Structured guided reflection would identify the objectives and outcomes of CS. Pre-planning CS sessions to include an agenda and supervisee goals would reduce stress related to the CS time in a busy clinical schedule. Simultaneously, a shared agenda to make roles and responsibilities explicit reiterates the relevance of CS within urgent clinical priorities. The provision of comprehensive, interactive training for supervisors that also develops reflexivity would support supervisors and supervisees in good CS practice. 24
Areas for future research include methods to capture frequency and content of the reactive, urgent supervision discussions. Further exploration of differences in perception of CS between professions would enhance understanding. Current online and face-to-face training should be evaluated for skill attainment, reflexivity and integration into clinical practice. Further research on patient outcomes related to CS would identify the translated effects. Any enhancement to clinical development would avoid the ‘lost opportunity’.
Limitations
This study has a major limitation with the over-representation of one discipline (Speech Pathology) and majority female participants. While the Australian Institute for Health and Welfare (2020) identifies female AH staff constituting 65.1% of the AH workforce, 29 the representation in this study was almost exclusive, providing no opportunity to investigate gender similarities and/or differences. Due to the deidentification within the focus groups, differences between disciplines was not explored and warrants further investigation. The bias of volunteer participants who were likely to be positively engaged with CS created additional limitations.
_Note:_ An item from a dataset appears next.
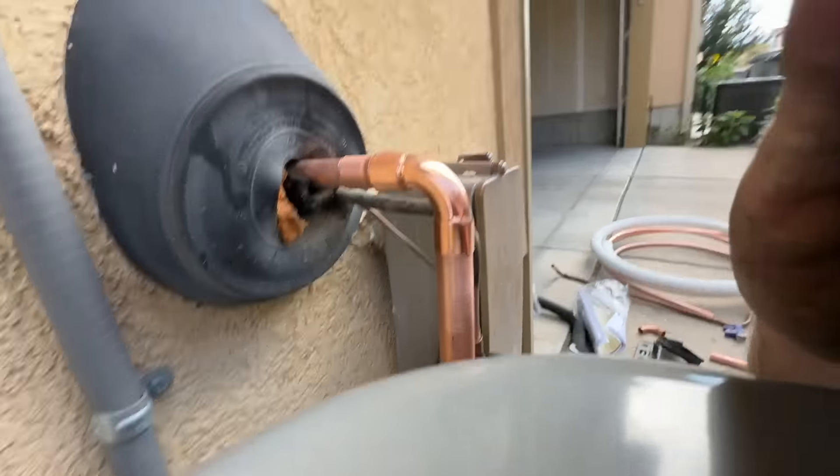What I like to do is just go back through like this — just make sure you don't see any bubbles. I love Stay Bright 8. There's a lot of haters, people that think it's no bueno, but to each his own. I've had really good success with it. And if this is easier than brazing and I don't have to flow nitrogen, then I'm going to use Stay Bright 8 every chance I get.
The sites approved for participation were public hospitals in one metropolitan area and further research is required to investigate experiences for AH clinicians from private hospitals, mental health or rural services. Researcher bias was deliberated during research team discussions for data analyses and synthesis; however, remains a limitation in this qualitative study.
Recommendations
Managers to facilitate 1. supervisee and supervisor training 2. systems for self-assessment 3. explicit delineation of clinical supervision with professional development and line management 4. choice of supervisor
Footnotes
Declaration of Conflicting Interests
The author(s) declared no potential conflicts of interest with respect to the research, authorship, and/or publication of this article.
Funding
The author(s) received no financial support for the research, authorship, and/or publication of this article.
Appendix
Focus group questions
Focus group questions approved by Ethics committee
Perceptions: • What is clinical supervision? o What does clinical supervision mean to you? o What do you get out of clinical supervision? o What are some of the benefits of clinical supervision? o What are some of the challenges of clinical supervision? • How does clinical supervision differ from line management? o How does it differ from professional development?
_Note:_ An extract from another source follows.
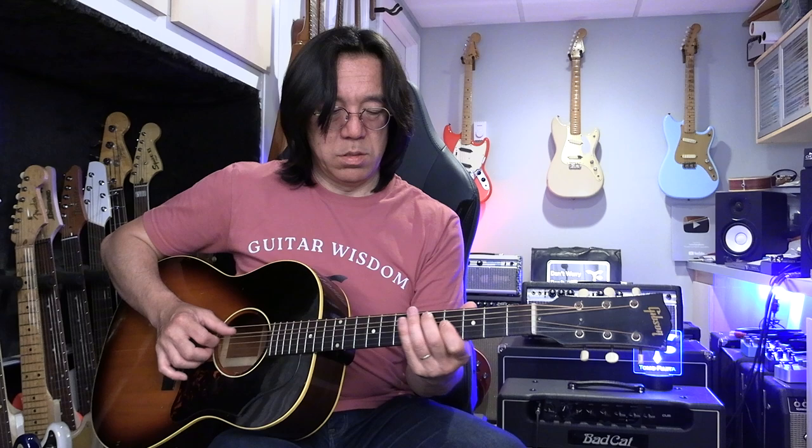Hendrix took that, you know. Stevie Ray Vaughan, the same way. That's difficult.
Processes: • If clinical supervision was done really well, how would you describe it? o what would it look like? o How might it differ to now? • Most of you have participated in clinical supervision in pairs – what would you think of group supervision? o What could be some of the benefits? o What could be some of the challenges? • How does reflection fit into clinical supervision? o How does it affect your clinical reasoning?
Impact: • Can you describe ways that clinical supervision affects your clinical practice? o In what way does it influence your patient care? o How does clinical supervision impact patient safety? o How does clinical supervision affect patient outcomes? o In what way does clinical supervision promote patient centred care?